[Information supplied]
· · · · · · ·

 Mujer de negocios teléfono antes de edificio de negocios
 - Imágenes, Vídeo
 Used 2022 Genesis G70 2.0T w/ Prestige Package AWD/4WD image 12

· · · · · · ·

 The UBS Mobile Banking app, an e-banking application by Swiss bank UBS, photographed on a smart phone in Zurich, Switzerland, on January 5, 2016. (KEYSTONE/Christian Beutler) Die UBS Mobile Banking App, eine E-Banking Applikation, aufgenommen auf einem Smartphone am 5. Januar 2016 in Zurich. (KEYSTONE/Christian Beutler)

· · · · · · ·

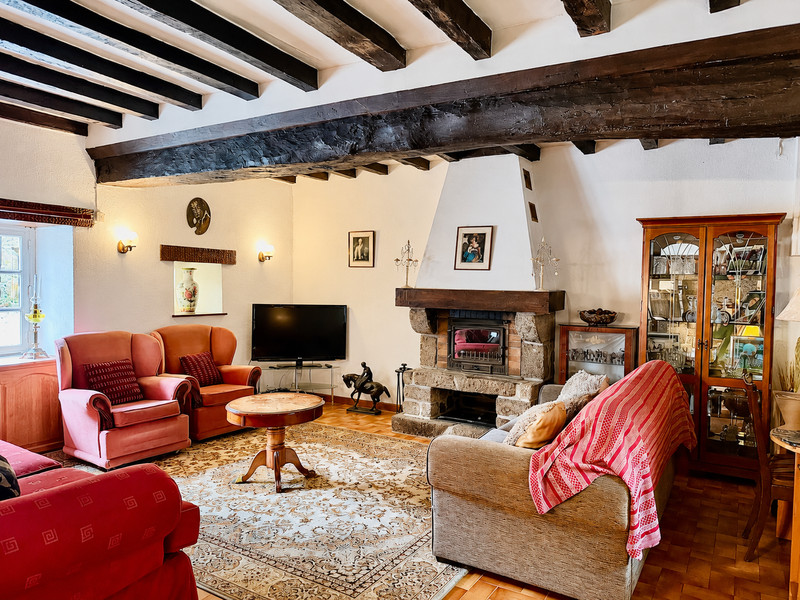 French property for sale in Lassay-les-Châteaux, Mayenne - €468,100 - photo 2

· · · · · · ·

[What is needed]
Of all the entries above, output exactly the lines between the one holding "Mujer de negocios" and the one holding "Used 2022 Genesis", inclusive.

[Response area]
 Mujer de negocios teléfono antes de edificio de negocios
 - Imágenes, Vídeo
 Used 2022 Genesis G70 2.0T w/ Prestige Package AWD/4WD image 12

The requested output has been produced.